Shelanski, an economist and lawyer who previously worked at the Federal Trade Commission, was sworn in on July 10 as administrator of the White House Office of Information and Regulatory Affairs (OIRA), a position sometimes called the regulatory czar.
The little known but influential office serves as a clearinghouse for regulations issued and proposed by federal agencies. OIRA has come under heavy scrutiny, both from industry groups who complain that the Obama administration is strangling businesses with “job-killing” regulations, and from public interest groups who blame it for delaying vital protections behind a veil of secrecy.
Just a week into his tenure in the position, Shelanski was subjected to a grilling from lawmakers on both sides of the aisle who lambasted the administration for establishing a new “social cost” of carbon emissions out of public view.
Shelanski argued that the metric, used to assign a monetary value to costs and benefits of proposed environmental rules, was based on widely available and peer-reviewed science, and was not “generated by a black box,” as skeptics had suggested.

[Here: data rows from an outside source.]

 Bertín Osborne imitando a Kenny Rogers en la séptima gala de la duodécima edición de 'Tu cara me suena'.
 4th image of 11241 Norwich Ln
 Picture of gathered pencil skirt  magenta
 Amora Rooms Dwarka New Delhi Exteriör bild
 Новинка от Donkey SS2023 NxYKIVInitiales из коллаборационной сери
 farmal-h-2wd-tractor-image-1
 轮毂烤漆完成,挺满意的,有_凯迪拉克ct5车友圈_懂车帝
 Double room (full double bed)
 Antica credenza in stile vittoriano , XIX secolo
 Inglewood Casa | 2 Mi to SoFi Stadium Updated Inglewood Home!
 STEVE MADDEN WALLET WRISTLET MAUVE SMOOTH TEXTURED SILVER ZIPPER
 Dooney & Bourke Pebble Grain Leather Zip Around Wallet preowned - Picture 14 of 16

Lawmakers, however, appeared unconvinced.
From Wikipedia:
In science and engineering, a black box is a device, system or object which can be viewed in terms of its input, output and transfer characteristics without any knowledge of its internal workings. Its implementation is "opaque" (black). Almost anything might be referred to as a black box: a transistor, an algorithm, or the human mind.
The opposite of a black box is a system where the inner components or logic are available for inspection, which is sometimes known as a clear box, a glass box, or a white box.